Purchasing a woodworking planer will end up saving you money in the long run, since you’ll be able to purchase pre-surfaced lumber at a bargain instead of having to buy finished pieces. But there’s no denying that there are plenty of expensive planers that all claim to be the best. I once asked myself if there was a way to balance the budget with quality when I was looking for a planer for my own workshop.
Since it took me quite a while you find the ideal planer for my needs, I decided to write up a quick guide to the planers I’ve used before and found to be affordable for most folks. This way, you won’t have to go through exhaustive research and spend hours looking through catalogs or webpages to find the ideal planer for your next project.
In case you are in a hurry, the DeWalt Thickness Planer DW735X is my pick for the best budget planer.
However, there’s something for everyone. Let’s dig deeper and begin with a great budget and beginner-friendly tool.
- Best Budget Planer
- Buying Guide: What to Look for in a Great Value Planer
- Conclusion – My Favorite Planer
Best Budget Planer
Here is my list for the top 5 cheap planers in America.
WEN 6530 6-Amp Electric Hand Planer – Best Budget Planer for Beginners
While all woodworkers should have some experience before using planers, this handheld planer is a great place to start, and it’s super affordable. In my experience, its value comes from its light weight (it’s only 6 pounds) and its ease of use.
It’s got an ergonomic handle for easy gripping and up to 16 positive stops to offer some really fine thickness control. Even more experienced woodworkers will appreciate having 16 preset depth stops: they stretch from 0 to 1/8th inches thick.
The planer has a 6-amp motor and can cut up to 34,000 times per minute. To make it an even better bargain, each planer comes with a dust bag for easy collection and a kickstand, plus a two-year warranty and a parallel fence bracket. The fence bracket is another great tool to help with guiding the planer as you move it across the board.
Overall, I’d recommend this for anyone who wants to start learning how to use a planer effectively and who doesn’t want to spend a lot of money on their first tool.
Porter-Cable PC60THP Hand Planer – Best Planer for Hand Finishing
While this planer doesn’t have as many positive stops as the last, it’s still affordable and has 10 positive stops to afford you plenty of thickness variation and control over your current workpiece.
More importantly, I really like the 11.5-inch shoe added onto the tool’s chassis. It’s made of cast aluminum and it improves your control as you press the planer across the board. It can also improve the finish of your board, which can be vital if you’re working with subpar material in the first place.

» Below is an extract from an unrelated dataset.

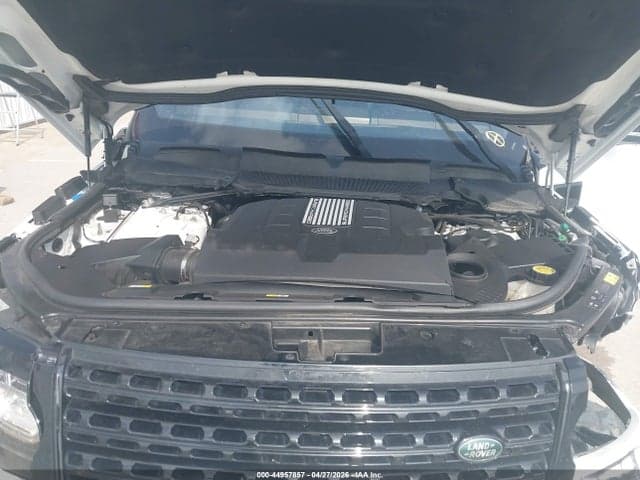 2017 LAND ROVER RANGE ROVER 5.0L V8 SUPERCHARGED 10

This planer is even better dust extraction, as well, with two extractor compartments on either side of the tool. This planer is best used for those who need to improve their stock more often than not.

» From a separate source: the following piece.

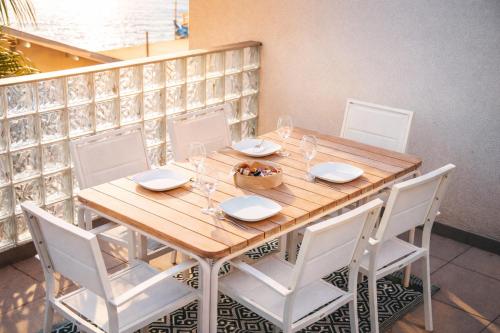 Stunning Sea View Duplex Beach & Monaco Close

Wen 6552T Benchtop Corded Thickness Planer – Best Budget Bench Planer
This is a tabletop planer that still manages to come in with a very good price. It’s quite a bargain no matter which way you look at it, and the fact that it’s a great tool for the asking price makes it an even better option in my book.

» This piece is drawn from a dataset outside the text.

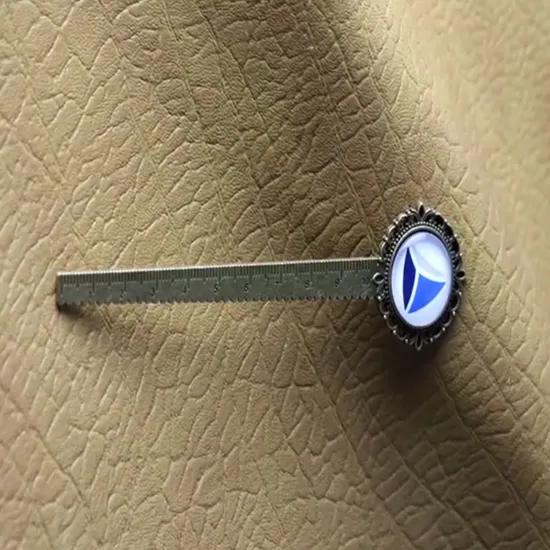 1.4mm Thickness Small Lychee Texture Shoe Upper Polyurethane Leather 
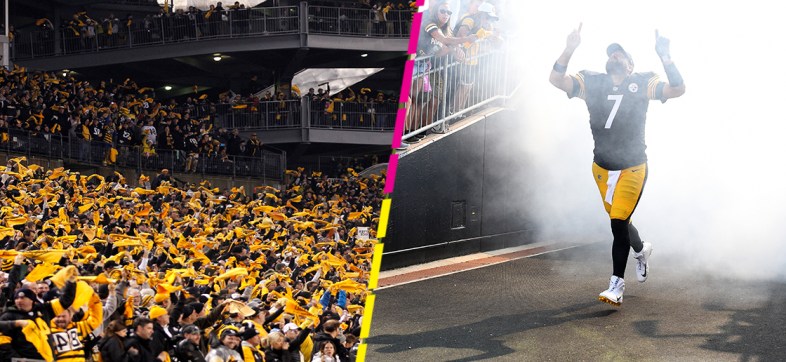 ¡Un histórico! Los números y los mejores momentos de Ben Roethlisberger en Heinz Field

The planer features a powerful 15-amp motor that can handle at 26 ft./m feed rate. It can handle long boards in rapid succession, especially since it can cut up to 25,500 cuts per minute. It uses a three-blade design like many bench planers, and all three work in conjunction to tackle even tougher stock material.
Dust cleanup is handled with a fan-assisted port, which removes sawdust directly from the workpiece. The planer also features a depth adjustment knob, plus an onboard gauge. This aspect is what I enjoy about this planer in particular, as it lets you know exactly how much wood material you’re removing with each pass of the board through the blades.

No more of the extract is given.